Luhut Binsar Panjaitan berjanji menyelesaikan temuan Badan Pemeriksa Keuangan (BPK) terkait potensi kerugian negara sebesar Rp185,1 triliun yang diakibatkan oleh PT Freeport Indonesia. |
Menteri Koordinator Kemaritiman Luhut Binsar Panjaitan berjanji menyelesaikan temuan Badan Pemeriksa Keuangan (BPK) terkait potensi kerugian negara sebesar Rp185,1 triliun yang diakibatkan oleh PT Freeport Indonesia.

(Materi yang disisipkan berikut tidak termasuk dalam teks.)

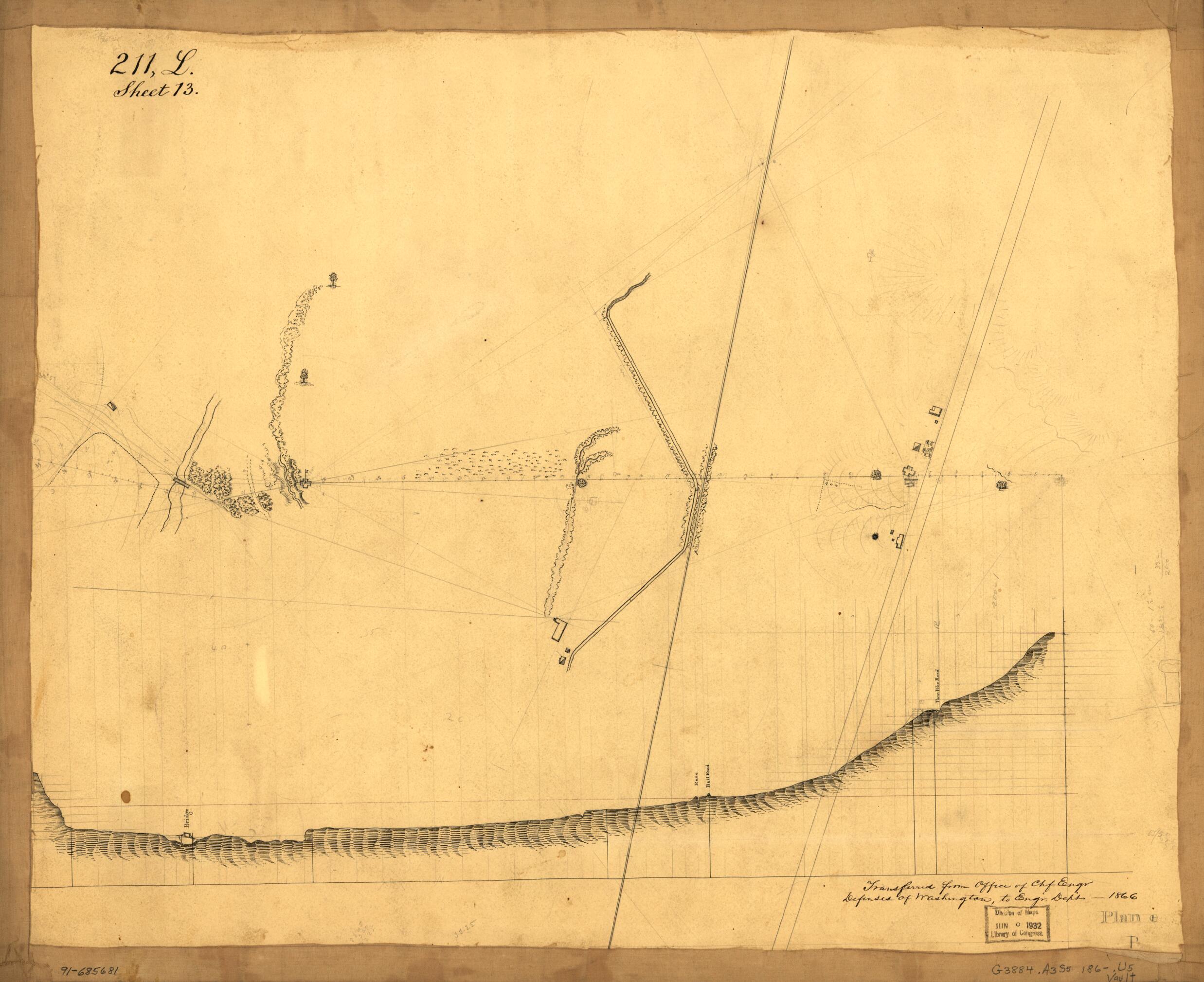 This old map of Plan E : map Showing Two Blockhouses Between Turn Pike Road and bridge, Alexandria, Virginia from 1861 was created by United States. Army. Corps of Engineers in 1861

Berbicara usai menghadap Presiden Joko Widodo, Rabu (4/4/2018), Luhut mengemukakan bakal segera memanggil menteri terkait untuk membahas penyelesaian temuan BPK tersebut. "Ya pasti akan saya selesaikan. Karena nanti divestasi [saham Freeport ke PT Inalum] selesai, bisa jadi tanggungan kita juga kan itu," ujar Luhut di Kompleks Istana Kepresidenan.
Pada kesempatan berbeda, Menteri Lingkungan Hidup dan Kehutanan Siti Nurbaya Bakar mengungkapkan hal serupa. Dia mengaku akan segera menindaklanjuti temuan BPK tersebut.

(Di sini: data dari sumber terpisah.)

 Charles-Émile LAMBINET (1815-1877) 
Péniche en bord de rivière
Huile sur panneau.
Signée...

"Kami dalam proses menyusun. Nanti begitu selesai akan kami laporkan ke BPK," ungkapnya.
Kasus ini kembali bergulir ketika Anggota IV BPK Rizal Djalil mengeluhkan ketiadaan penyelesaian temuan BPK. Dia menyebut hal ini sudah berlangsung hampir setahun sejak BPK melaporkan dalam Ikhtisar Hasil Pemeriksaan Semester I/2016.
"Dari 13 perusahaan pertambangan mineral yang beroperasi di Indonesia, hanya satu perusahaan, Freeport Indonesia, yang tidak mematuhi peraturan di republik ini," ungkapnya dalam konferensi pers, Senin (19/3/2018).
Berdasarkan temuan BPK, dari potensi kerugian negara Rp185 triliun, sebesar Rp166 triliun diakibatkan kerusakan lingkungan laut, sedangkan Rp8,2 triliun pada ekosistem estuari dan Rp10,7 triliun di darat.
Selain persoalan kerusakan suaka alam karena pembuangan limbah operasional pertambangan itu, Rizal menyatakan PTFI juga melanggar peraturan perundangan karena menggunakan kawasan hutan tanpa memiliki izin pinjam pakai kawasan hutan seluas minimal 4.535,93 ha.